Short web captions
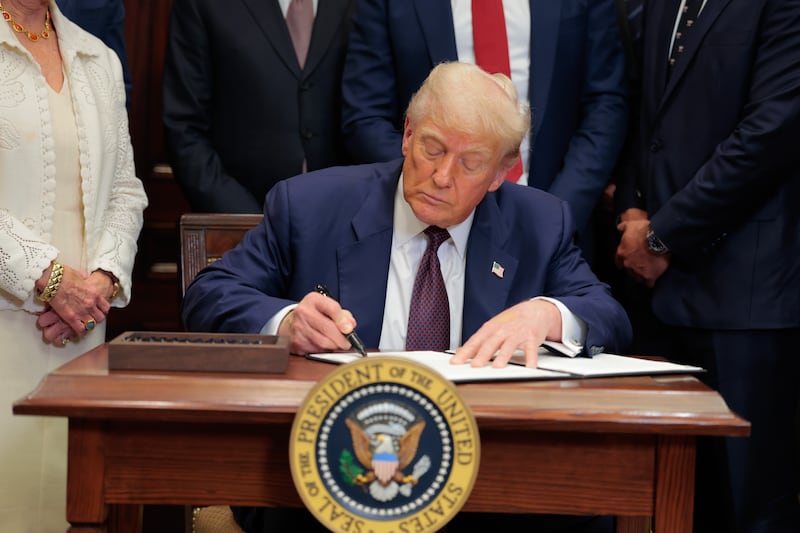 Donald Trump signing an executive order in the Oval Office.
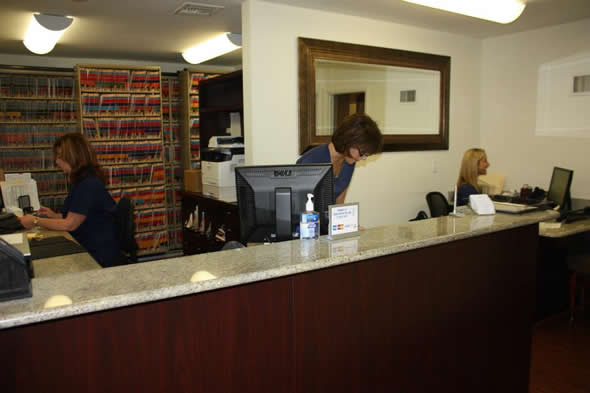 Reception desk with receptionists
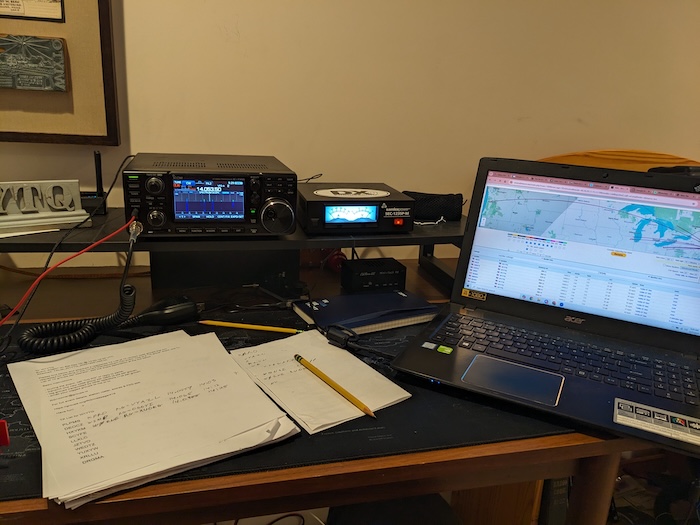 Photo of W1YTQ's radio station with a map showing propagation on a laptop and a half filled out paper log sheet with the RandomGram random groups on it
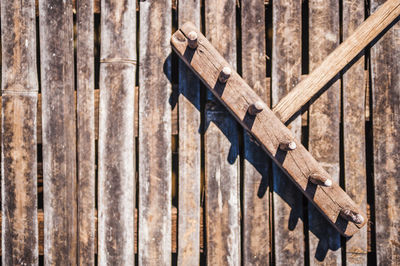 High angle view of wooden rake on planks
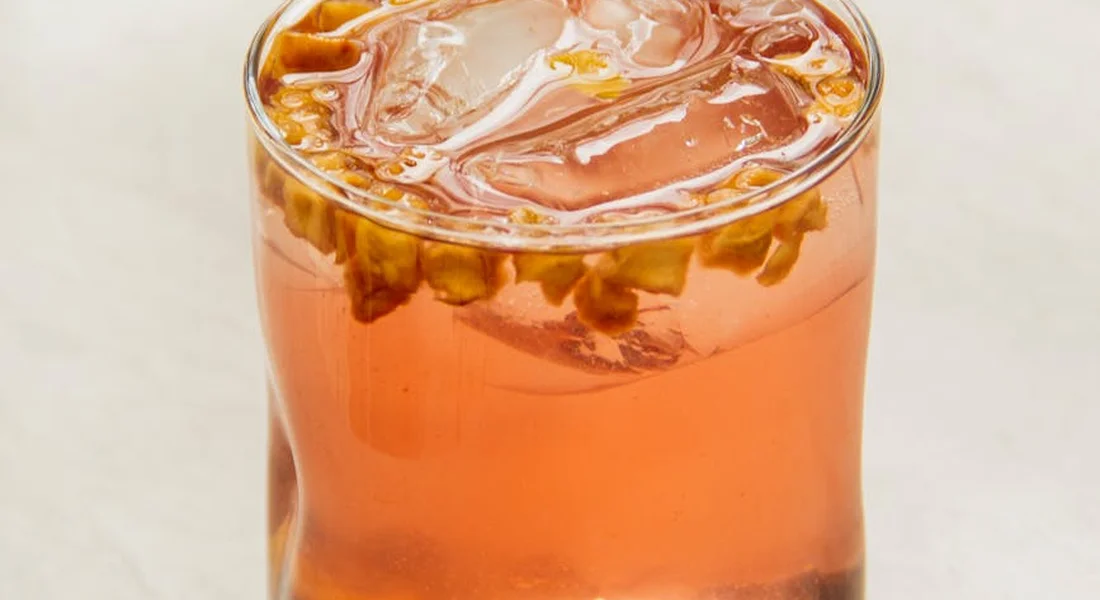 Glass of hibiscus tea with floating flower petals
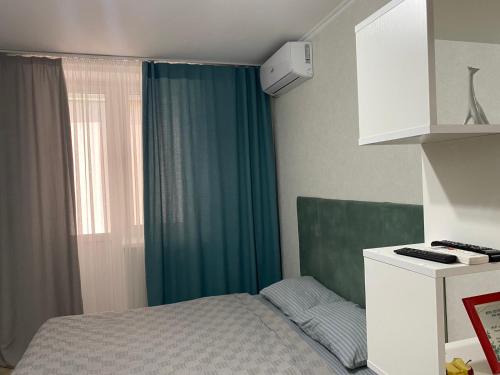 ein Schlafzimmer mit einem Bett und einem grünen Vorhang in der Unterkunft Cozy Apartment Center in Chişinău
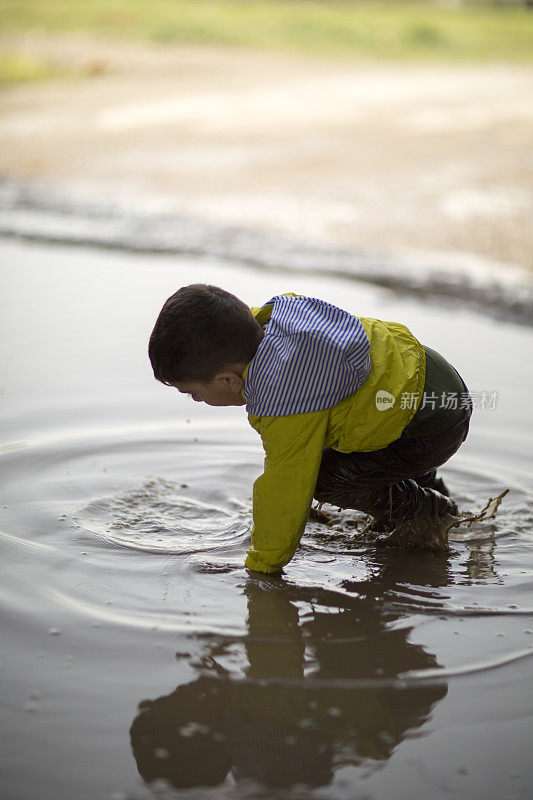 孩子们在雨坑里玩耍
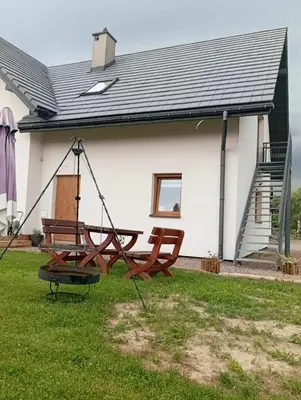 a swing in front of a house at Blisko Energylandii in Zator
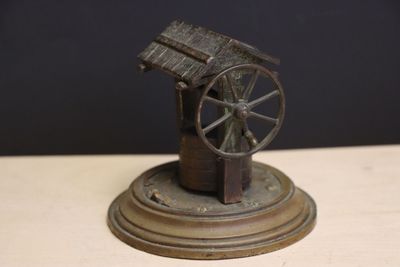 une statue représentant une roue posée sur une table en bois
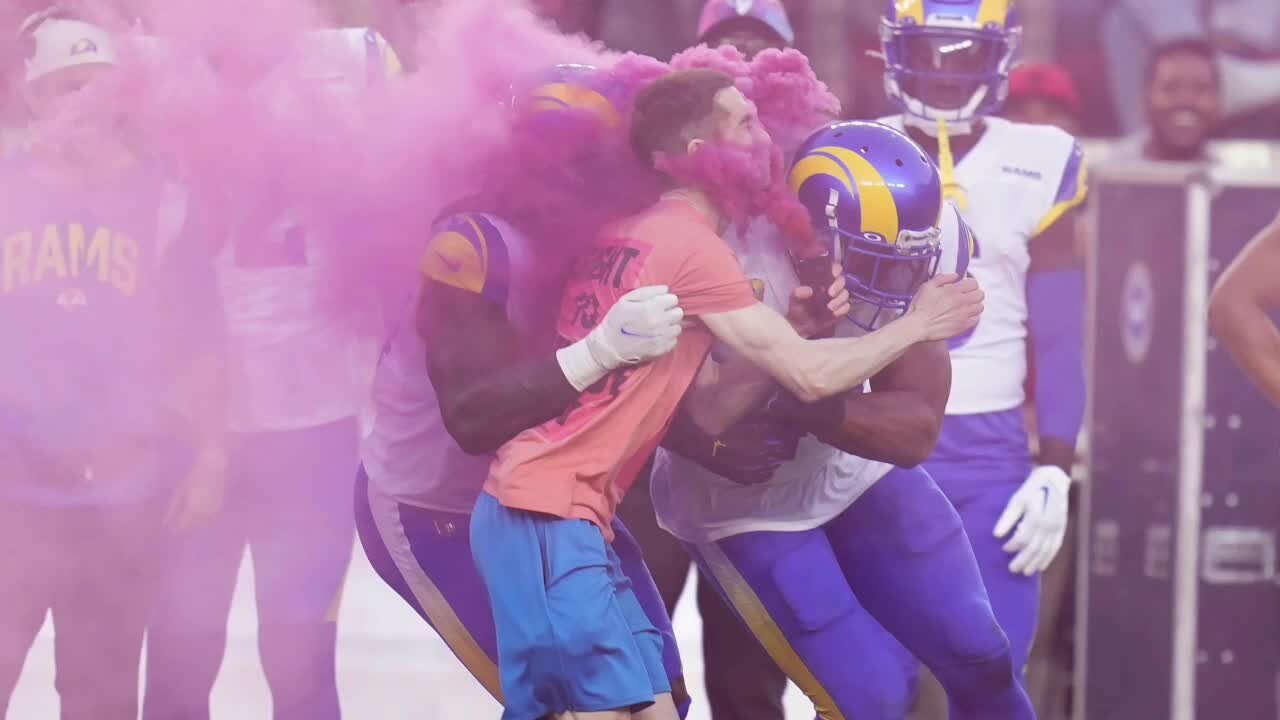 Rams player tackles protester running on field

## [PROBLEM DETAILS]
Copy exactly the lines that run from the line containing "une statue représentant" to the end of the data, keeping both end lines and dropping every picture.

## [RESULT OF THE EXERCISE]
 une statue représentant une roue posée sur une table en bois
 Rams player tackles protester running on field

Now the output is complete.